A multi-billion dollar company acting like a startup.

What the CEO should restore.

This is either the bottom or the end.

2016 was rather a good year for most of the home furnishing companies, thanks to a positive year for the US real estate (+4.4%). As mentioned in our previous article on Ethan Allen (NYSE:ETH), the home furnishing business is strongly correlated to the housing market performance as consumers tend to renew home furniture more frequently when moving to a new house.

However, Restoration Hardware (NYSE:RH) was the exception of the industry, the largest laggard by far, as its shares tumbled by -60%. We will discuss whether we are at the bottom of the curve or is it the beginning of the end?

RH Chart

RH data by YCharts

Let's quickly explain how the company was transformed from a small restoration boutique to a billion dollar business. Restoration Hardware was born in 1979 in Eureka (California) when Stephen Gordon, a graduate in psychology, decided to turn his Victorian house in a store for Californian households. The primary positioning was affordable hardware and after relevant but light promotion campaigns on the radio, Gordon opened a 500-square meter store in the same town. In 1998, the company went public for the first time with a $20 million market capitalization. In 2001, Gary Friedman was appointed as CEO with a strong track-record at major competitor Williams-Sonoma (NYSE:WSM)". In 2007, amid the housing crisis, rumors of a takeover bid by retailer Sears (NASDAQ:SHLD) emerged, RH was finally taken private by PE firm Catterton Partners. Gary Friedman remained CEO and became the chairman of the company to lead the new strategy: close small stores to open immense yet glamorous design galleries, and target the upper-end of the market with luxury home furniture.

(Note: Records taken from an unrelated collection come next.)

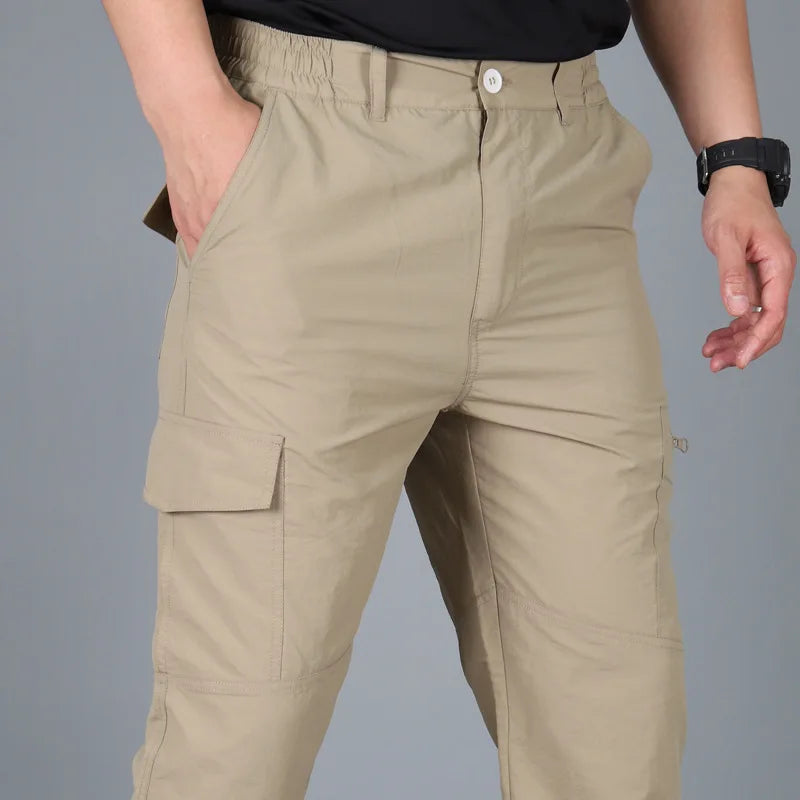 Men Pants Casual Cargo Pants Militari Tactic Army Trousers Male Breathable Waterproof Multi-Pockets Pant Size S-5XL Plus Size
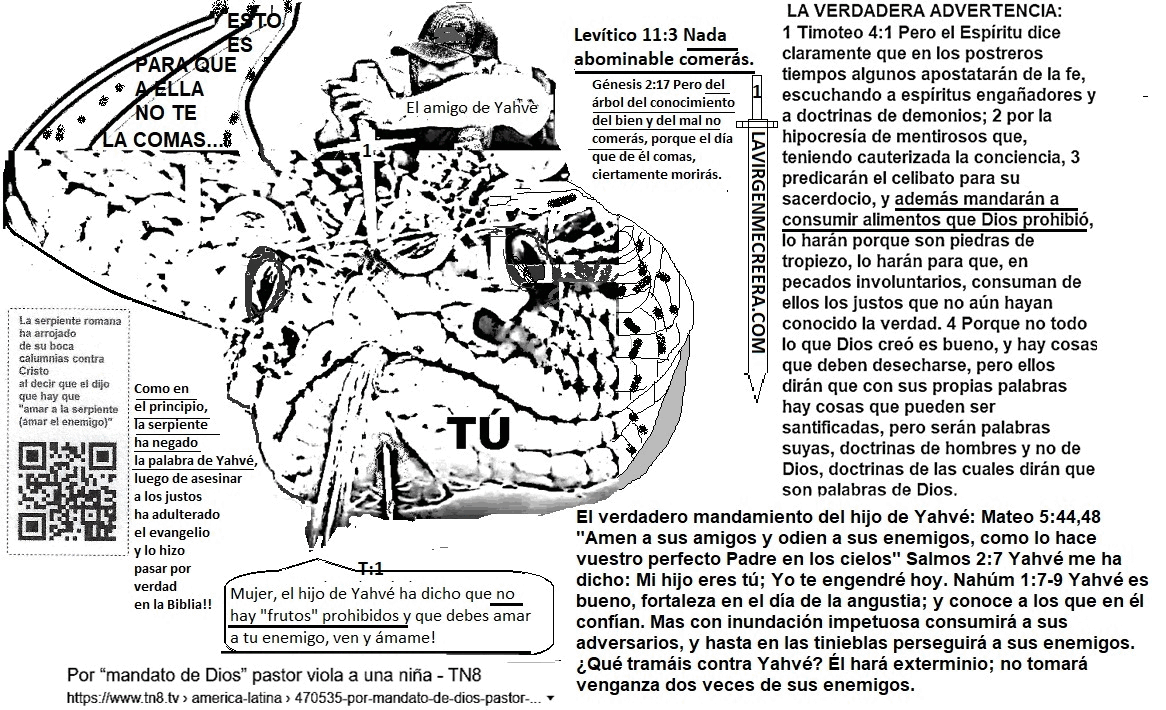 La destruccion final de la serpiente antigual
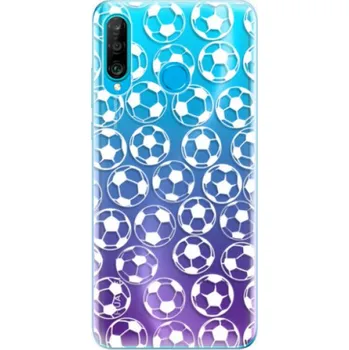 Pouzdro na mobilní telefon Odolné silikonové pouzdro iSaprio - Football pattern - white - Huawei P30 Lite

To strengthen brand equity, advertising campaigns and catalogs were under the acronym of RH. After successfully executing its turnaround plan, by focusing on the high-end positioning, the company became public in 2012 at a valuation above $1 billion. The share price was steady at $30 during the first six months, it quickly tripled the following 18 months to reach $100 in late 2014 until late 2015 thanks to above-expectation growth rates. Management turned self-confident, overpromising double-digit top line and earnings growth but the bigger the company was getting the slower it started to grow. RH underdelivered; the market reaction was violent as shares fell by -75% to $25 in just six months - a level below its 2012 IPO.

A multi-billion dollar company acting like a startup

Restoration Hardware generated above $2 billion in revenues for FY 2015, a stunning +13% CAGR for the last decade. While company targets to grow even faster by 2020 to reach $5 billion in revenues, we have difficulties understanding how it cannot manage timeline decently. By moving the source book from spring up to fall, it's a serious sign that RH is struggling internally to manage deadlines. The fourth quarter being the busiest period of the year as more than a third of revenues and EBITDA are generated, postponing the book is basically jeopardizing the most important season of the year. A multi-billion dollar company cannot afford this mistake.

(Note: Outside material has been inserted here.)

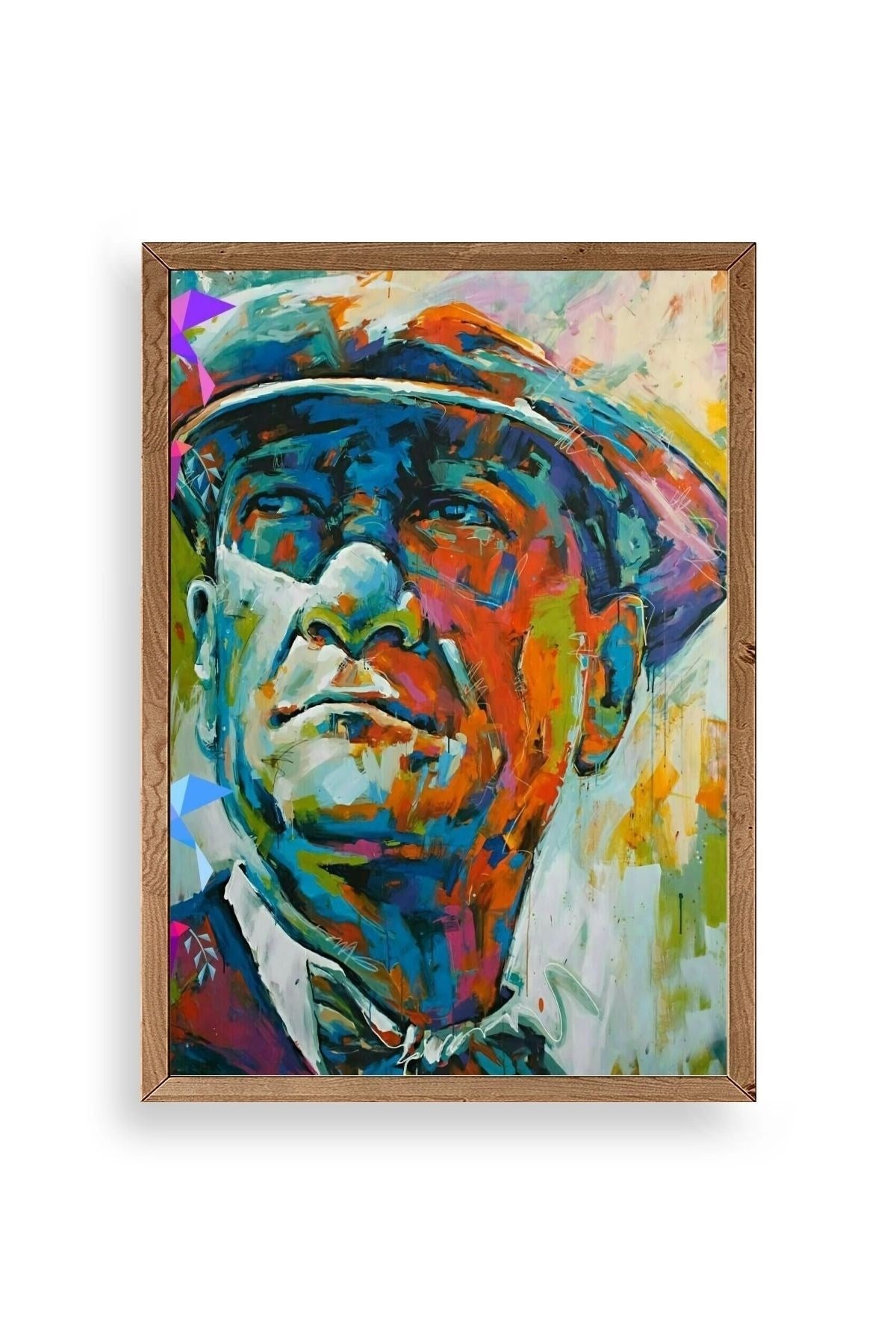 Atatürk Ahşap Çerçeveli Tablo 17 x 23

Moreover, we understand the company's philosophy to adopt "the road less traveled" by offering an RH member program in order to fight against a discounting environment and at the same time making customers loyal. Yet, this process should be done in a smoother way so as not to impact revenues at this scale; shareholders should not be used as guinea pigs to see whether the outcome is satisfactory. RH stated that if the member program is unsatisfactory, it's ready to take it back which would bring even more volatility to the company. Recently, management updated about timing issues related to the membership program. Once again, we do not believe these steps are at the image of a multi-billion dollar company but rather a startup that is testing a new product at the expense of its overall sales.

Last but not least, we believe the company is large enough to mitigate risks and headwinds. Hence, when we hear RH complaining about weaker sales due to lower demand from oil producing states or elections, one could believe the company is not diversified at all like a small company. While peers (also targeting the luxury segment) are doing better, it's a clear sign for us that these excuses are not suitable for a multi-billion company.

What the CEO should restore

Confidence. After overconfidence gained throughout the years, which was well deserved as the company achieved to turn EBIT margins in the black to reach 9%, the management has missed its outlook several times in a row by a substantial margin. As mentioned previously, reasons given by the management were not satisfactory to provide confidence to shareholders.

Production. Restoration Hardware has the lowest gross margin rate among competitors. While scale matters to optimize SG&A costs, smaller companies such as Ethan Allen outperform RH by far thanks to their local vertical production. While outsourcing is advantageous nowadays thanks to the dollar strength, we believe the company should manufacture a portion of its luxury furniture in the US with the benefit of more customization and brand awareness for a US pure-player company. In addition, production delays and shortage would be reduced. Inventories have grown a third faster than sales.

Cash. We hear from the management that cash levels will be better in 2017 but we insist on the fact that cash generation is very low at RH compared to sector peers. The company has to address this issue urgently to avoid serious potential damages.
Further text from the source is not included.